The results live up to Honderlich's stated goals: "The book is for all those who want authoritative enlightenment, judgment by good judges. Thus it is directed partly to general readers for whom philosophy has a fascination greater than or at least as great as any other part of our intellectual and cultural existence, and who want accounts of it that they can trust. The book is also directed to those who study and practice the subject, and are scrupulous about their guides. If it did not also have the second aim, it could not have the first. No accounts of a subject can be authoritative for the general reader if they do not also attract and aim to survive the scrutiny of its readers."

* Art.
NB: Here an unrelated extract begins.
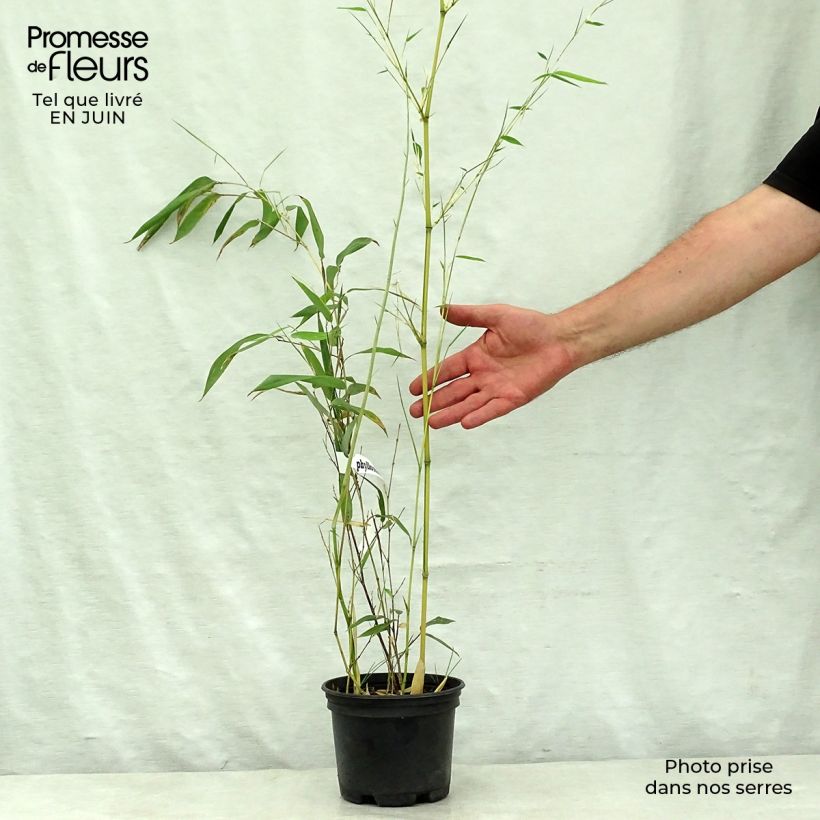 Spécimen de Phyllostachys aureosulcata Spectabilis - Bambou moyen tel que livré en été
Robert Hughes' "American Visions: The Epic History of Art in America" (Knopf, 635 pages, $65), published earlier this year, has been blasted by scholars for offenses ranging from triviality to plagiarism. But while it isn't perfect, you'll look a long time before finding a more exciting book about art.

Hughes flies his prejudices like a battle pennant, and isn't afraid to be funny, a commodity rarely in evidence among the jargon-gnawing Marxists who currently dominate American art criticism. Here, for example, is his devastating last word on Andy Warhol: "He matched the 1980s, and was in perfect sync with their greed, their puffery, their rampant pursuit of status through art. As Sir Thomas Beecham said when the elephant crapped on the stage during rehearsals for 'Aida': what a critic!"

Terry Teachout, author of The Sun's "Instant Culture" occasional series, is the music critic of Commentary and a contributing writer for Time magazine. He also writes about the arts for the New York Times, the Wall Street Journal, National Review and other publications. The editor of "A Second Mencken Chrestomathy" (Knopf), he is currently at work on "H. L. Mencken: A Life," to be published by Simon & Schuster.